题目描述
给定两个整数数组,请交换一对数值(每个数组中取一个数值),使得两个数组所有元素的和相等。
返回一个数组,第一个元素是第一个数组中要交换的元素,第二个元素是第二个数组中要交换的元素。若有多个答案,返回任意一个均可。若无满足条件的数值,返回空数组。
示例:
输入: array1 = [4, 1, 2, 1, 1, 2], array2 = [3, 6, 3, 3]
输出: [1, 3]
示例:
输入: array1 = [1, 2, 3], array2 = [4, 5, 6]
输出: []
提示:
1 <= array1.length, array2.length <= 100000
解法
方法一:哈希表
我们先求出两个数组的和,然后计算两个数组和的差值 \(diff\)。如果 \(diff\) 为奇数,则说明两个数组的和不可能相等,直接返回空数组。

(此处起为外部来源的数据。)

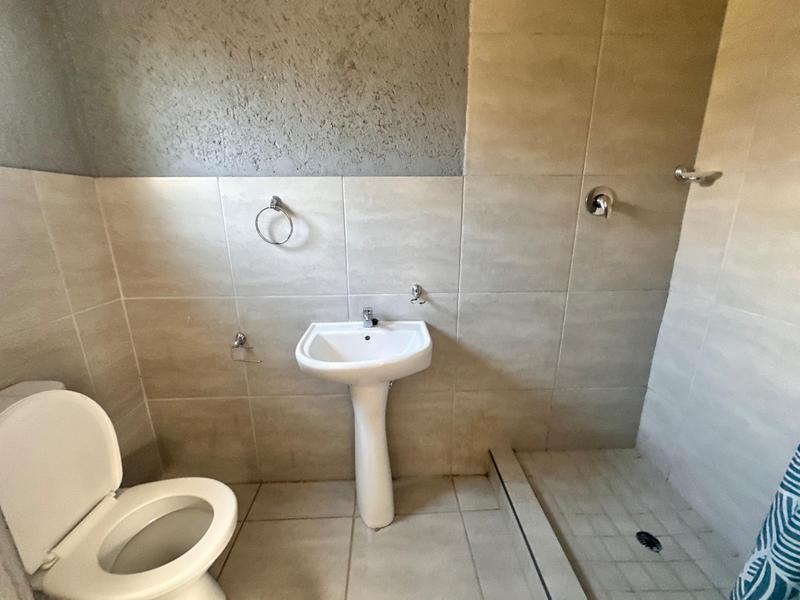6 Bedroom Property for Sale in Soshanguve Gauteng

如果 \(diff\) 为偶数,那么我们可以遍历其中一个数组,假设当前遍历到的元素为 \(a\),则另一个数组中需要找到一个元素 \(b\),使得 \(a - b = diff / 2\),即 \(b = a - diff / 2\)。我们可以使用哈希表来快速查找 \(b\) 是否存在。如果存在,则说明找到了一对符合条件的元素,直接返回即可。
时间复杂度 \(O(m + n)\),空间复杂度 \(O(n)\)。其中 \(m\) 和 \(n\) 分别为两个数组的长度。
| class Solution:
def findSwapValues(self, array1: List[int], array2: List[int]) -> List[int]:
diff = sum(array1) - sum(array2)
if diff & 1:
return []
diff >>= 1
s = set(array2)
for a in array1:
if (b := (a - diff)) in s:
return [a, b]
return []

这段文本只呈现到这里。